◆ **TASK BRIEF**: Copy the whole listing verbatim.

PROVIDED DATA Block Start

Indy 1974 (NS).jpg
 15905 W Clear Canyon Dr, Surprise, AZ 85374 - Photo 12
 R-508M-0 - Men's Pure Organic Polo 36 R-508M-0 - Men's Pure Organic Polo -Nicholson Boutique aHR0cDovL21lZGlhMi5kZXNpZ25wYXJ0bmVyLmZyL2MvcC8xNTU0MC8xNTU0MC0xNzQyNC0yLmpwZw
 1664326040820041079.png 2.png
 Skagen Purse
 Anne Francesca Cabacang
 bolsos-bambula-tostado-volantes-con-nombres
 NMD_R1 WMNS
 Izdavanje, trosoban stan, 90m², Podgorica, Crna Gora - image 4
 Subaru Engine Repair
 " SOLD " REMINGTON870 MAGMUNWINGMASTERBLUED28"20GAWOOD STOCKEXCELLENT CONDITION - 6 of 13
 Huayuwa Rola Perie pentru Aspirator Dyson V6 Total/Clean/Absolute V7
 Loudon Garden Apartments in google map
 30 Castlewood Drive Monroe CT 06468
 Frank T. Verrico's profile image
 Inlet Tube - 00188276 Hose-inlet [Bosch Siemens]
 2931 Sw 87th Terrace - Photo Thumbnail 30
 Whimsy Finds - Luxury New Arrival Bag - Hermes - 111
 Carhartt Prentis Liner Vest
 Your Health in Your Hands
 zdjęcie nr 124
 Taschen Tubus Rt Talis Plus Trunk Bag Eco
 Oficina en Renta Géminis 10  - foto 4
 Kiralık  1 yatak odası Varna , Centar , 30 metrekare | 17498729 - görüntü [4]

PROVIDED DATA Block End

◆ **PROBLEM SOLUTION**:
Indy 1974 (NS).jpg
 15905 W Clear Canyon Dr, Surprise, AZ 85374 - Photo 12
 R-508M-0 - Men's Pure Organic Polo 36 R-508M-0 - Men's Pure Organic Polo -Nicholson Boutique aHR0cDovL21lZGlhMi5kZXNpZ25wYXJ0bmVyLmZyL2MvcC8xNTU0MC8xNTU0MC0xNzQyNC0yLmpwZw
 1664326040820041079.png 2.png
 Skagen Purse
 Anne Francesca Cabacang
 bolsos-bambula-tostado-volantes-con-nombres
 NMD_R1 WMNS
 Izdavanje, trosoban stan, 90m², Podgorica, Crna Gora - image 4
 Subaru Engine Repair
 " SOLD " REMINGTON870 MAGMUNWINGMASTERBLUED28"20GAWOOD STOCKEXCELLENT CONDITION - 6 of 13
 Huayuwa Rola Perie pentru Aspirator Dyson V6 Total/Clean/Absolute V7
 Loudon Garden Apartments in google map
 30 Castlewood Drive Monroe CT 06468
 Frank T. Verrico's profile image
 Inlet Tube - 00188276 Hose-inlet [Bosch Siemens]
 2931 Sw 87th Terrace - Photo Thumbnail 30
 Whimsy Finds - Luxury New Arrival Bag - Hermes - 111
 Carhartt Prentis Liner Vest
 Your Health in Your Hands
 zdjęcie nr 124
 Taschen Tubus Rt Talis Plus Trunk Bag Eco
 Oficina en Renta Géminis 10  - foto 4
 Kiralık  1 yatak odası Varna , Centar , 30 metrekare | 17498729 - görüntü [4]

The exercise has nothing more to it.